Exercise: Copy the closing run of lines, from the one with "Mikikit Tasche per" through the last line of the listing, exactly and without any pictures.

The data:
Segment Open

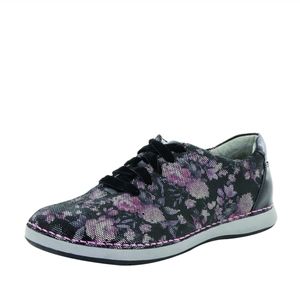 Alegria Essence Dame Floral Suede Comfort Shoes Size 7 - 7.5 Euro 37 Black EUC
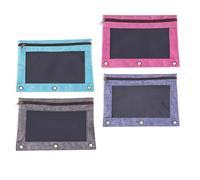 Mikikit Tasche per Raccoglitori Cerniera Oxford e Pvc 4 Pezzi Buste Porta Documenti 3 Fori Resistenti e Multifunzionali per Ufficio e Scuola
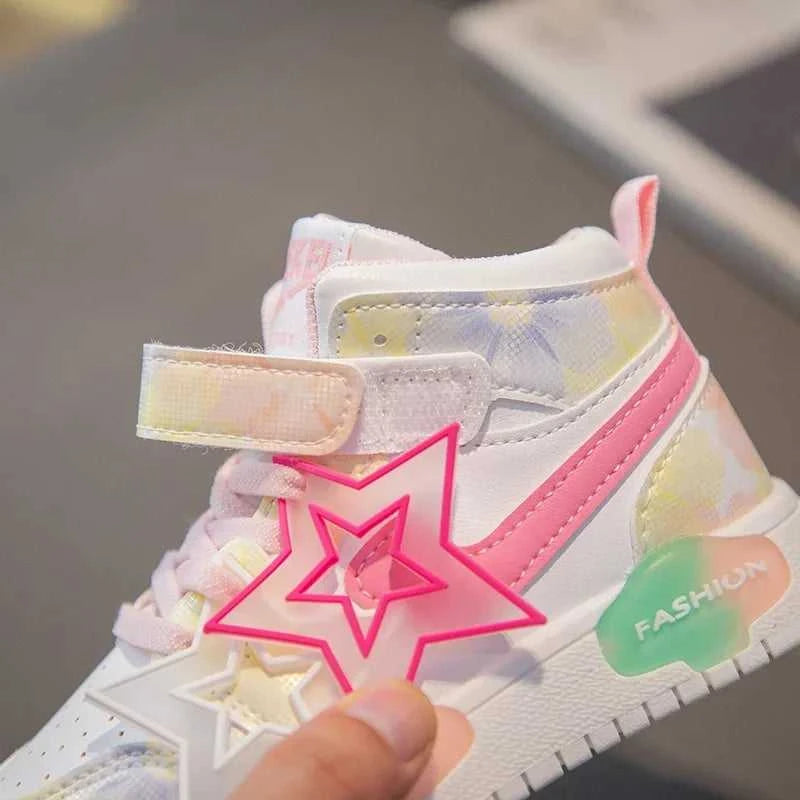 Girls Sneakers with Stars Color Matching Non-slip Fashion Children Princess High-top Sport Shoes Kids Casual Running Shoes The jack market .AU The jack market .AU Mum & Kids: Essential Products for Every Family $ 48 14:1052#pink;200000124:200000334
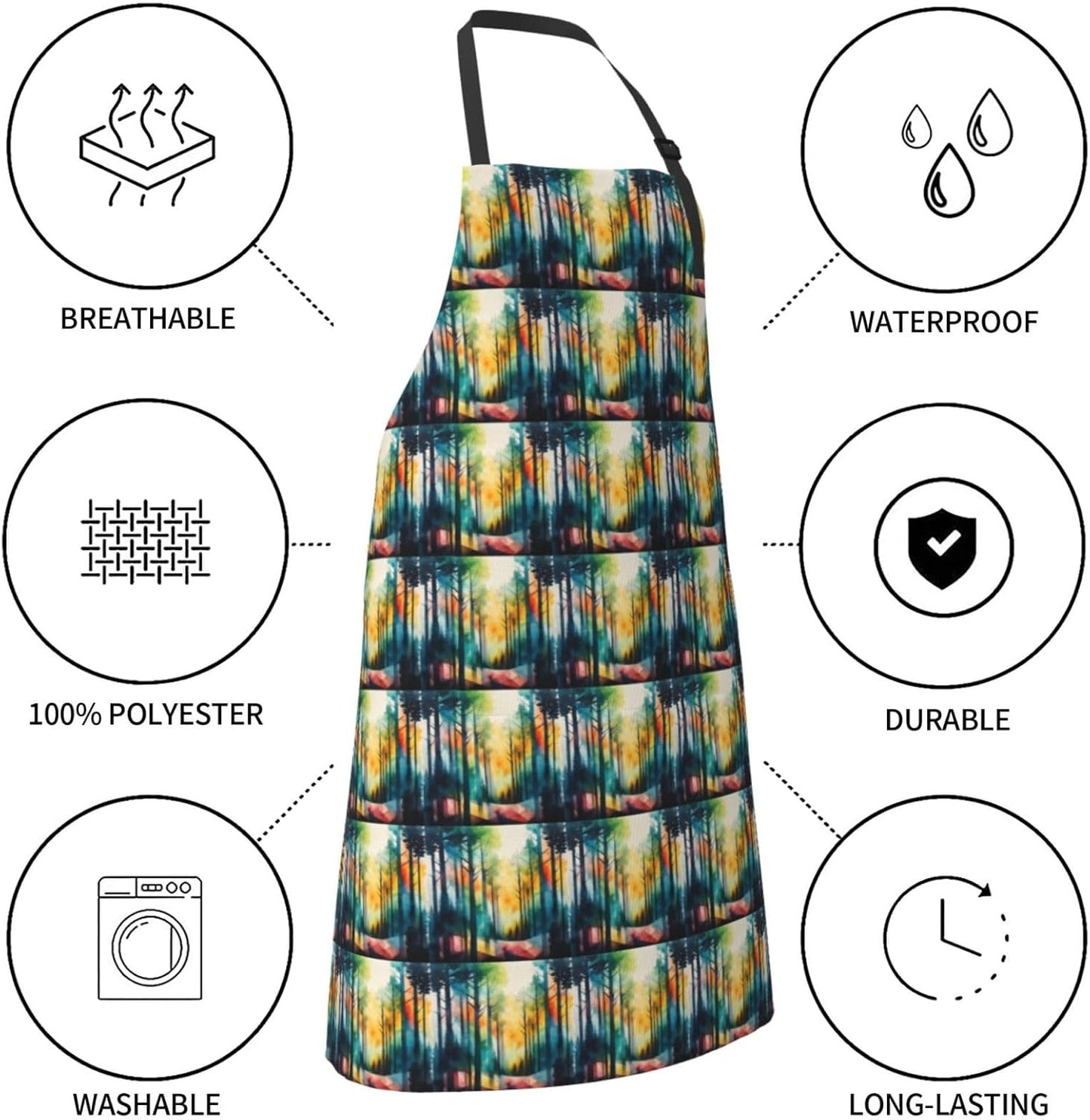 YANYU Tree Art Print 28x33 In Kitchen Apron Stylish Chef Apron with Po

Segment Closed

Result of the task:
 Mikikit Tasche per Raccoglitori Cerniera Oxford e Pvc 4 Pezzi Buste Porta Documenti 3 Fori Resistenti e Multifunzionali per Ufficio e Scuola
 Girls Sneakers with Stars Color Matching Non-slip Fashion Children Princess High-top Sport Shoes Kids Casual Running Shoes The jack market .AU The jack market .AU Mum & Kids: Essential Products for Every Family $ 48 14:1052#pink;200000124:200000334
 YANYU Tree Art Print 28x33 In Kitchen Apron Stylish Chef Apron with Po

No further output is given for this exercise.